その組織から「キックオフ報告書」が送られて来ました。

(報告書抜粋)

今回のキックオフは今までとは違う緊張感を感じてもらい、表向きにだけするんではなく少しでも理解してもらい全社一丸を意識してもらえるよう心がけました。
今回は携帯電話の持ち込みを禁止して、皆さんが顔を上げて話しを聞くよう手元に資料は渡さずキックオフ終了後に参考として同封の資料を渡しました。(工程表は見にくいので渡しました。)
流れとしては資料の通りで、組織改善3つのタブーを前に貼り出し社長を含め上司の方に1回目、2回目のできなかった理由の一部が伝わるよう話ました。
今までこのような事がなかったので、この部分に触れる事で今回の若手の本気度は伝わったと思います。
・・・・・・ (中略)
⑤での○○(倉庫の場所)をよく知らないYさん(若い事務員さん)の「どうしてあそこまでなったのか?」はお客様目線からの意見としても捉えられるので、全体を通していい意味での、「どうしてあそこまでできたのか?」と言われるようにして行きたものです。

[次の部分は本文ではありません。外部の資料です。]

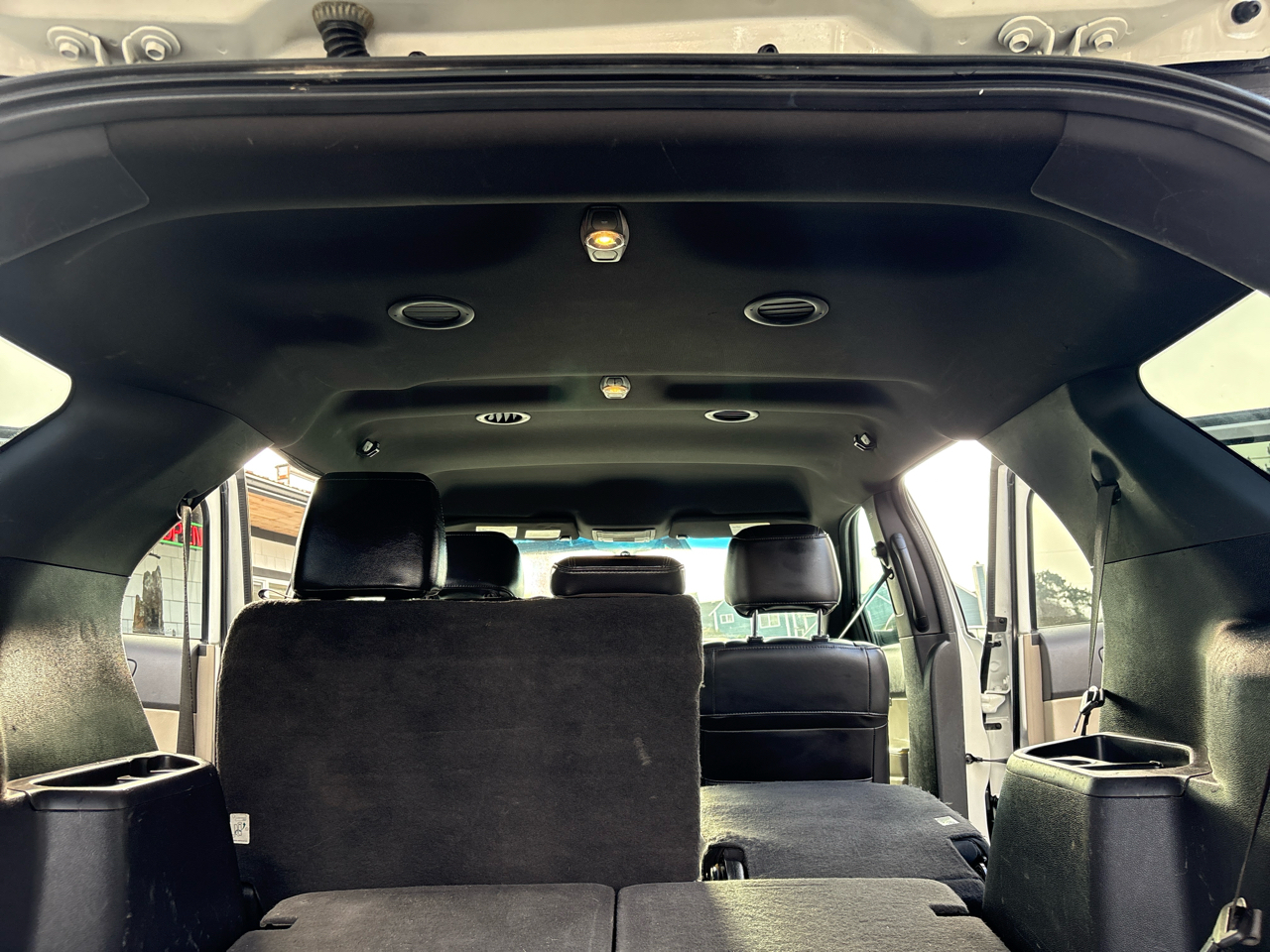 Ford Explorer Base 4WD 2012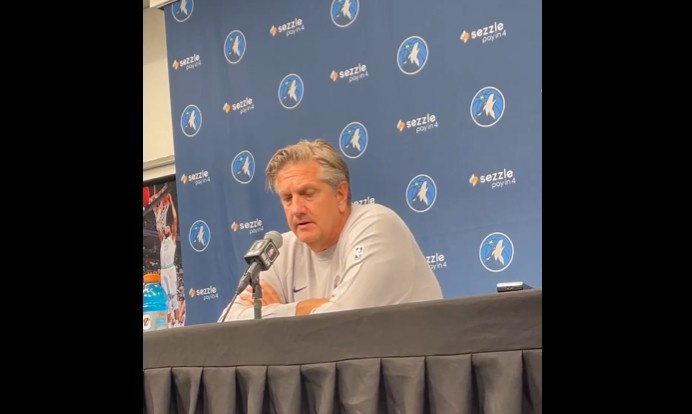 芬奇：我们过于尊重对手的速度了 持球压迫做得不够好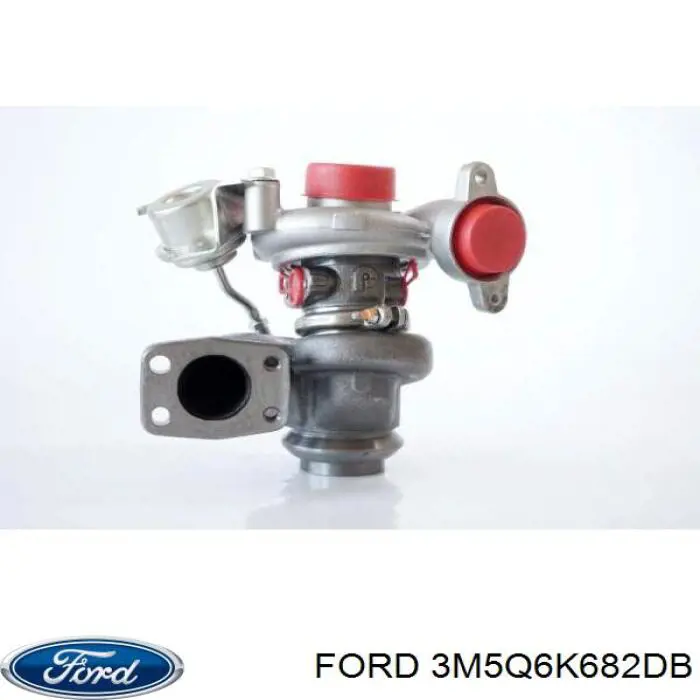 3M5Q6K682DB Ford turbocompresor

全体を通してまだ全社一丸にはなれた様子ではなかったですけど、今回の本気度は伝わったと思います。
本気度が伝わったからこそ今回は逆に上の立場の方からの意見がでたり、悪い方に行けば意見を言わないで好きにしていいよみたいな事になりかねないので注意していき、私達もしっかり仕組みやルールなどを明確にし全社一丸になるようしていきたいと思いました。(後略)

「5S活動」は、「仕組み」なので、手順と成果の組合せです。そして、その活動全体が「人を育てます」。
20代の若者達が、1回目、2回目に出来なかった理由を考え、若い女性がクラッシュ状態の倉庫を見て「どうしてあそこまでなったのか?」という素朴な疑問を組織に向って投げかける・・・・。

「組織が活性化」するためには【プロセス】が必要です。1回目の取組みも、2回目の取組みも、この組織にとっては必要な【プロセス】でした。こうして、次世代を担う若者達が育ち始めるために必要な【プロセス】でした。

ここ数日、さまざまな組織の「5S進捗報告」を受けながら、何度も頷いています。
どの報告も「本気度」で満ち溢れています。多くの「若者たち」が育っている様子が、手にとるように分かります。

「育て!育て!若者たち!ぐずぐずしている先輩など追い抜いてしまえ!君達の時代が目の前まで来ているんだから!」
全社を巻き込む「5S活動」は、実は【人を育てる仕組み】でもあります。